Suzanne DiMaggio

Senior Fellow
Carnegie Endowment for International Peace
Suzanne DiMaggio is a senior fellow at the Carnegie Endowment for International Peace, where she focuses on U.S. foreign policy toward the Middle East and Asia.
Education

B.A., New York University
M.A., City College of New York (CUNY)

Suzanne DiMaggio is a senior fellow at the Carnegie Endowment for International Peace, where she focuses on U.S. foreign policy toward the Middle East and Asia. She is one of the foremost experts and practitioners of diplomatic dialogues with countries that have limited or no official relations with the United States, especially Iran and North Korea. For over two decades, she has led Track 1.5 and Track 2 conversations to help policymakers identify pathways for diplomatic progress on a range of issues, including regional security, nuclear nonproliferation, conflict prevention and resolution, crisis management, confidence building and negotiation, and bilateral relations. Her research and work draw on an approach to unofficial engagement she has been developing since the late 1990s, which began with a focus on U.S. relations with China, Russia, and Japan, and later expanded to Iran, Myanmar/Burma, and North Korea.

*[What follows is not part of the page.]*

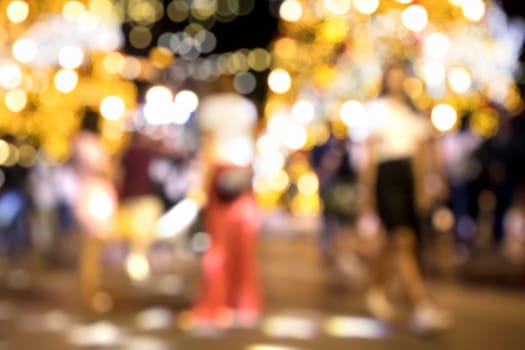 Conceptual defocused Christmas decoration and crowd of people on city street at night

She directs Carnegie’s U.S.-Iran Initiative, which is carried out through a combination of policy dialogue and scholarly research with the aim of exploring possible grounds for constructive diplomatic engagement and the development of mutually acceptable strategies for managing a range of contentious issues. The initiative’s centerpiece is a long-running dialogue that she launched in 2002, which is often cited as a model for how to conduct informal diplomacy effectively and creatively. These efforts helped to establish a foundational basis for the secret talks between Iran and the Obama administration that led to the 2015 landmark comprehensive nuclear agreement. They also contributed to a de-escalation in tensions following the killing by the U.S. of Iranian General Qassem Soleimani and Iranian retaliatory strikes on Al Asad Airbase in Iraq in January 2020.

Her work on North Korea included an unofficial Track 1.5 dialogue process that transitioned to the first official diplomatic discussions between the Trump administration and North Korean government in 2017. In 2011, she facilitated talks that brought together senior officials from Myanmar and the U.S. to exchange views on the re-establishment of relations following the transition of the Myanmar’s government.

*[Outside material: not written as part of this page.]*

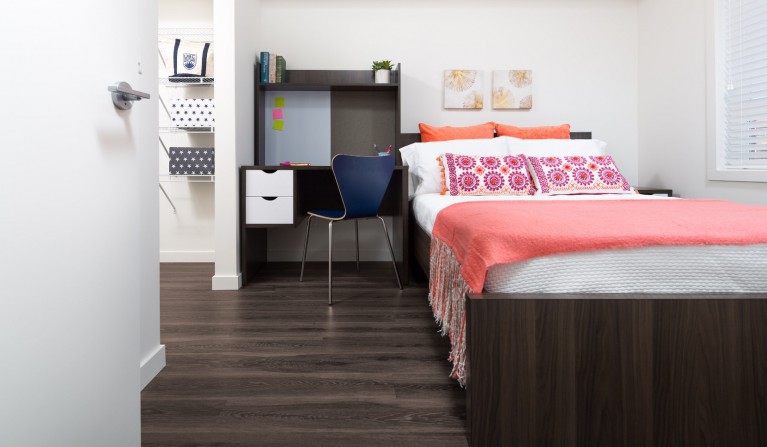 bedroom with desk area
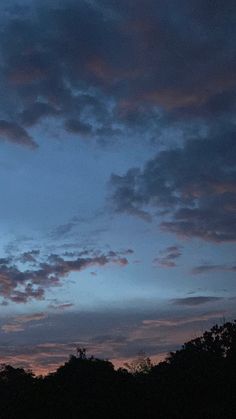 an airplane is flying high in the sky at night with clouds above it and trees below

Before joining Carnegie, DiMaggio was a senior fellow at New America (2014-2018), where she directed several high-level policy dialogues, including with Iran, North Korea, and China. Prior to that, she was the vice president of global policy programs at the Asia Society (2007-2014), where she set the strategic direction for moving the Society’s work in the policy arena from a public program-focused forum to a global think tank aimed at addressing the most critical challenges facing the United States and Asia. As the vice president of policy programs at the United Nations Association of the USA (1998-2007), she directed programs that advanced multilateral approaches to transnational challenges and advocated in support of principled U.S. international engagement. She also served as a member of the Secretariat responsible for UN Secretary-General Kofi Annan’s contribution to the Dialogue among Civilizations. Before joining UNA-USA, she was a program officer at the United Nations University (1993-1998), a research institute that links the UN system with international academic and policy communities. First based in Tokyo, Japan, and later at UN headquarters in New York, her work at UNU focused on international security and development issues. From 2000-2007, she was an adjunct professor at the School of Diplomacy & International Relations at Seton Hall University, where she taught undergraduate and graduate courses on the United Nations, multilateral diplomacy, and sustainable development.

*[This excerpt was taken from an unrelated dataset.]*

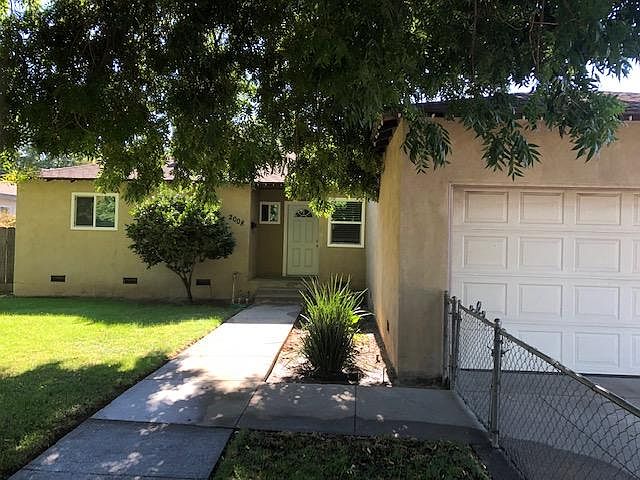 View of the front yard of the house from the sidewalk.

DiMaggio is a director at the Iran Project, an advisory board member of Foreign Policy for America, the Vienna-based Open Nuclear Network, and the National Committee on North Korea, and a co-founder of the Quincy Institute for Responsible Statecraft, where she served as the inaugural board chair. She holds a BA from New York University and an MA from City College of New York (CUNY). She is a frequent commentator in the news media and her writings have appeared in national and international press outlets. She resides in NYC’s Greenwich Village with her husband, jazz bassist and composer Ben Allison, and daughter.